▸ **PROBLEM TO WORK ON**
Return exactly the span of lines in the following data that opens with the line containing "星空体育官网-精彩比赛中球队展现出色球技" and closes with the line containing "2869 Sandringham Place". Include nothing else.

▸ **DATA FOR THE TASK**
-=-=-
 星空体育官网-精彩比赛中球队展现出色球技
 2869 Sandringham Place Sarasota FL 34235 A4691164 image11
-=-=-
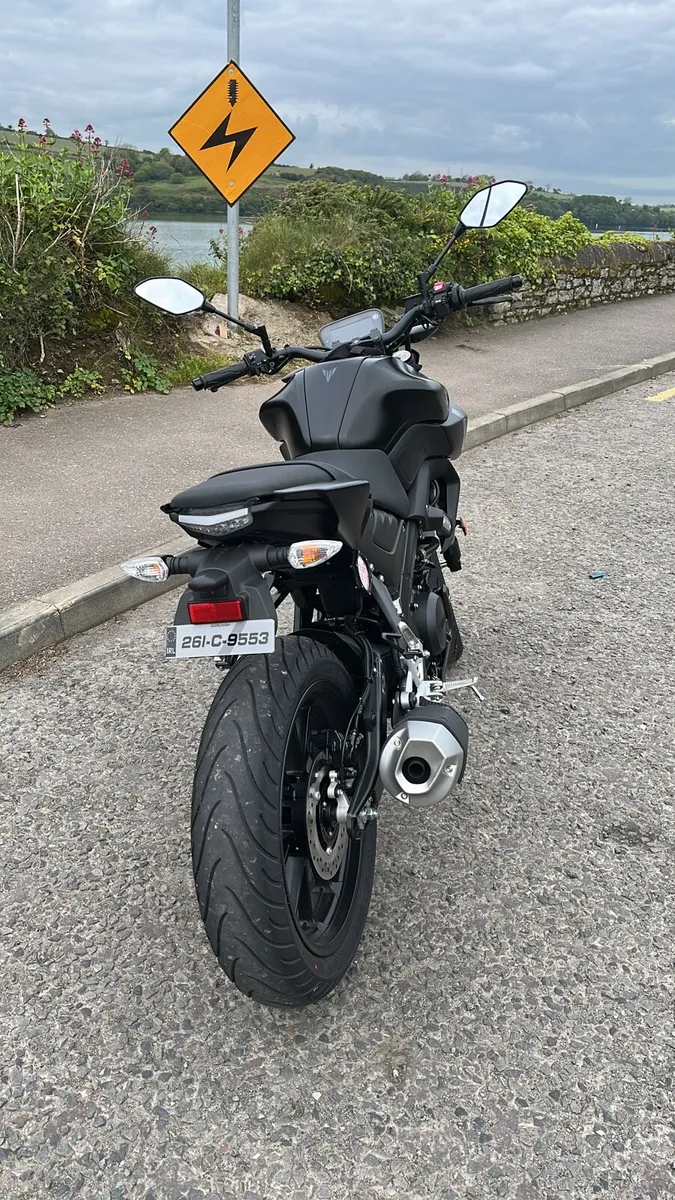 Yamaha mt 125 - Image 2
-=-=-
▸ **OUTPUT OF THE EXERCISE**
 星空体育官网-精彩比赛中球队展现出色球技
 2869 Sandringham Place Sarasota FL 34235 A4691164 image11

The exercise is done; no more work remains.